Collected data entries
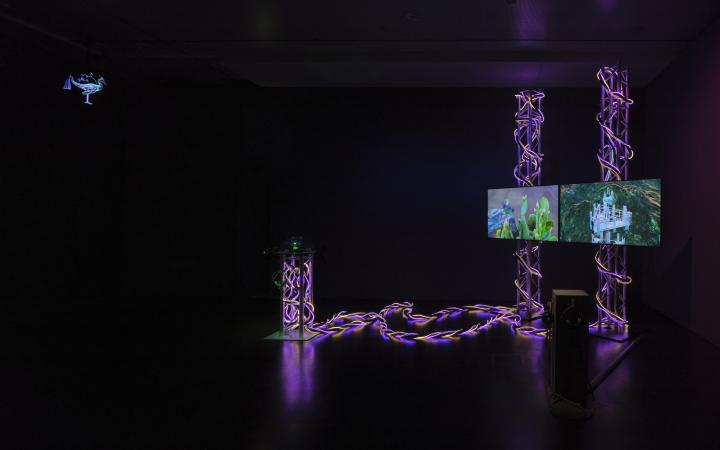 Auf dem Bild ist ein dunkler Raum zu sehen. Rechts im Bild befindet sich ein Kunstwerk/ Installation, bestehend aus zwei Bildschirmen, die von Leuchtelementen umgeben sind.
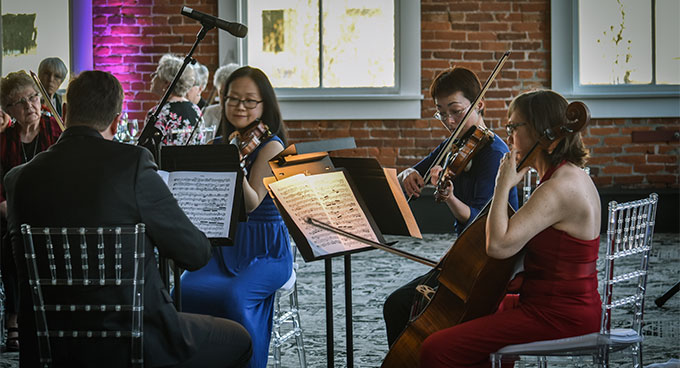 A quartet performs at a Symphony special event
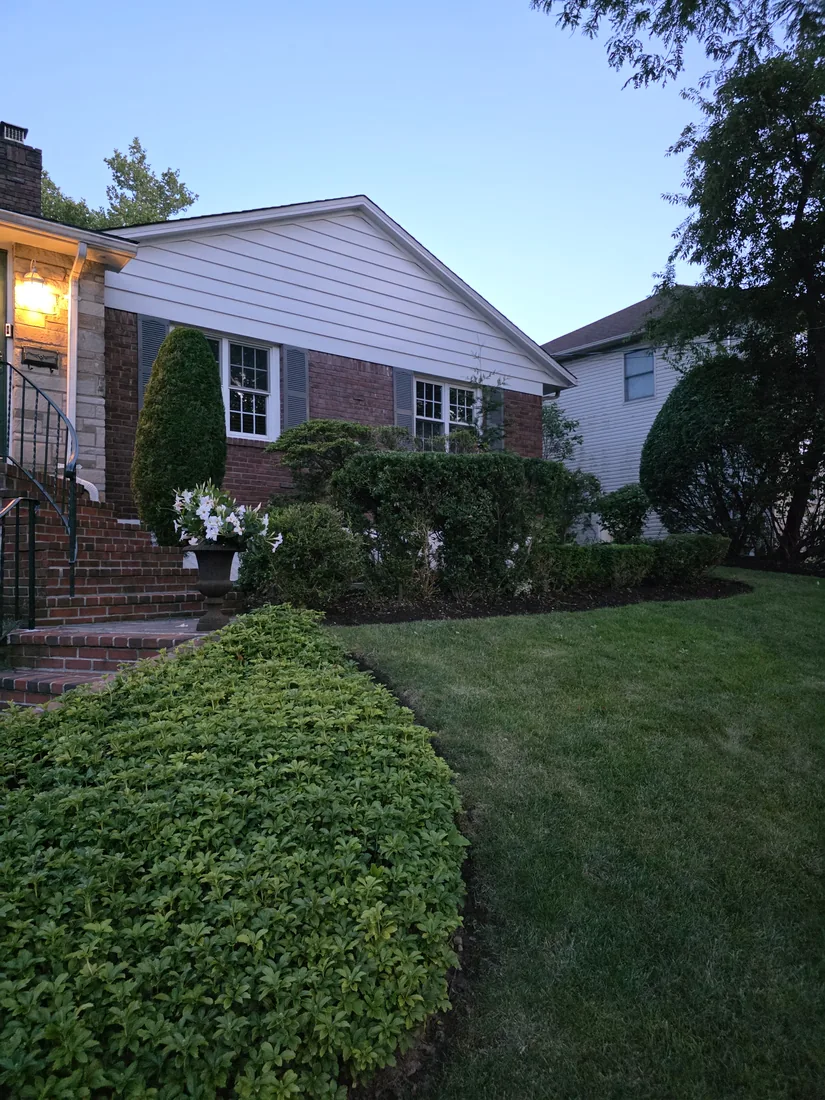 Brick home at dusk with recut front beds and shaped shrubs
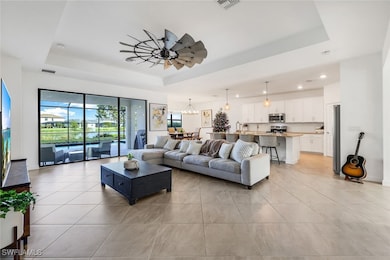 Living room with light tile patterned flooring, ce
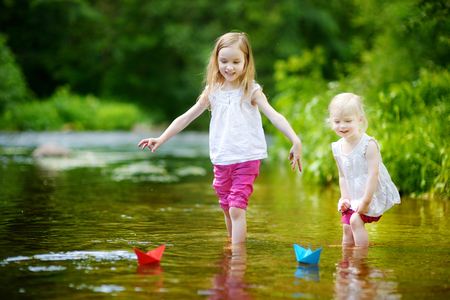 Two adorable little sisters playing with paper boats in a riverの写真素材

Your instructions: Word for word, restate all of the entries above and leave each picture out.

Written answer:
 Auf dem Bild ist ein dunkler Raum zu sehen. Rechts im Bild befindet sich ein Kunstwerk/ Installation, bestehend aus zwei Bildschirmen, die von Leuchtelementen umgeben sind.
 A quartet performs at a Symphony special event
 Brick home at dusk with recut front beds and shaped shrubs
 Living room with light tile patterned flooring, ce
 Two adorable little sisters playing with paper boats in a riverの写真素材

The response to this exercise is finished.